だが現実にはその同じ時期、人種差別や性差別の反対闘争が、そこにある民主主義体制に対し戦いを開始している。
その「歴史」は今も続いている。

 

国家的な統治形態と差別ではレイヤーが違う、とは言えない。
人種差別や性差別は、起源が古すぎてそう見えないだけで、あるイデオロギー化した統治権力の形式だからだ。
そもそも黒人も女性も選挙制度から排除されていた。

 

性差別は(フェミニストが家父長制などという語を用いて力説するように)権力/制度的な産物だといっていい。

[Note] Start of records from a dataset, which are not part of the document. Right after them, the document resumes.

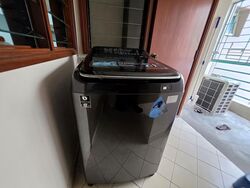 Evergreen Park (D19), Apartment #578498131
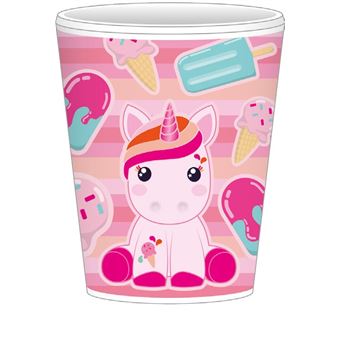 Tasse en bambou Candy Cloud CCH011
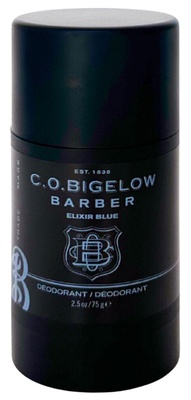 C.O. Bigelow Deodorant إليكسير بلو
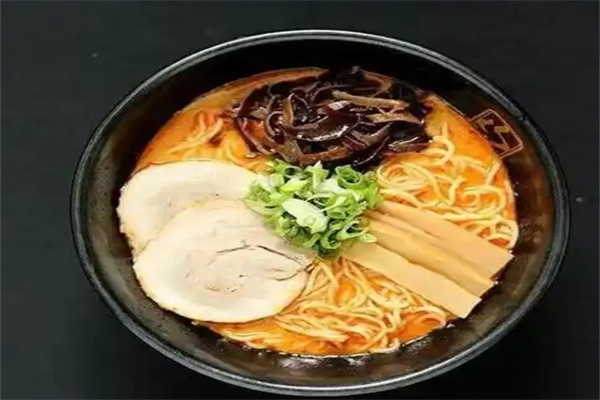 玉粮拉面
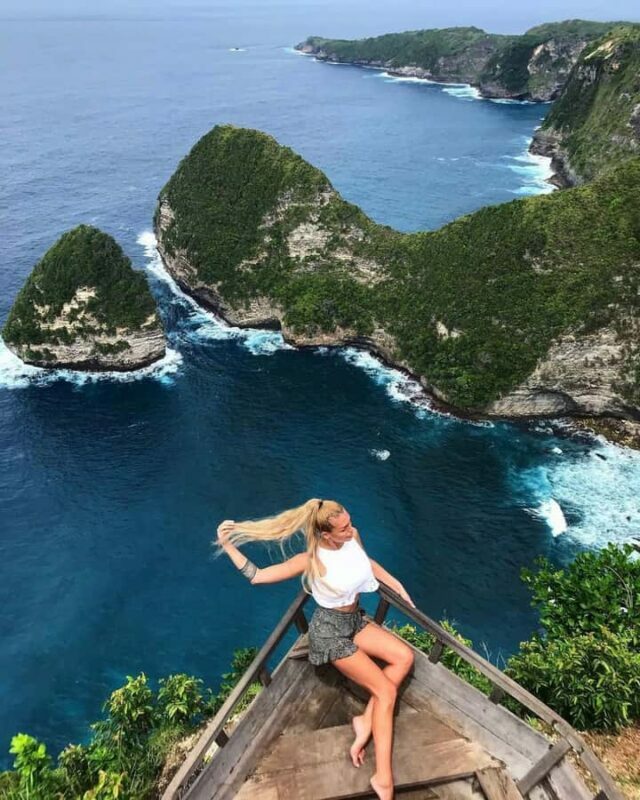Nusa Penida: Private One Day Trip Adventure Package - What Travelers Can Expect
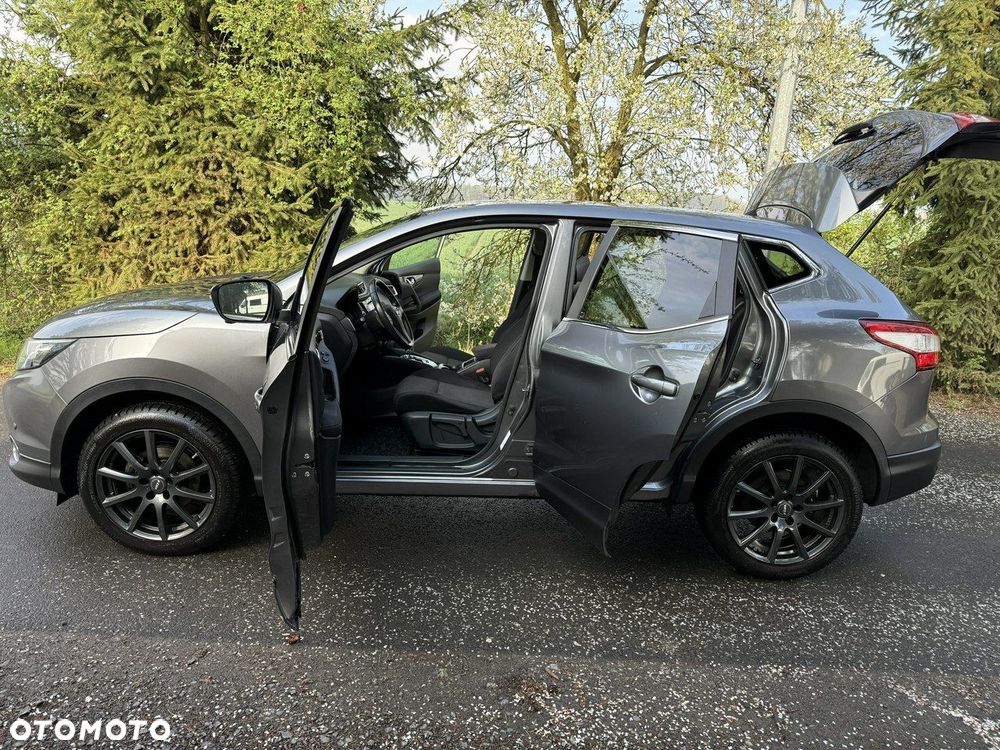 Nissan Qashqai - 32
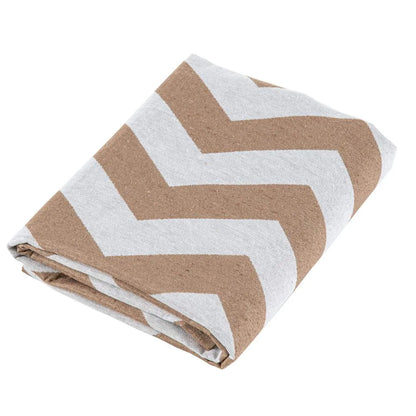 Tapete Missoni - Caramelo (3 Tamanhos)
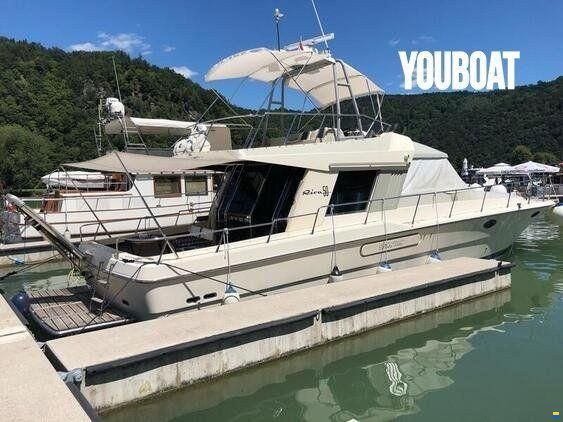Riva SUPER AMERICA 50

それは文化的因習などに解消できない、それに先行し、また今も生起している権力関係だ。

 

多くの旧植民地は、武力闘争によってしか独立を勝ち得ていない。
同様に人種差別、性差別も、そこからの解放を何らかの意味での暴力に依るしかないかもしれない。
今や近代社会に住む白人/男性たちは、自らの民度と寛容を信じているし、そこにある差別の存在を認め平和的な解消への努力を約束するかもしれない。
だが実際に解消への努力を始める前に、被差別者たちの攻撃的な態度を道徳的に非難するだろう。
そして道徳は被差別者にとって常に差別者が語る罠だった。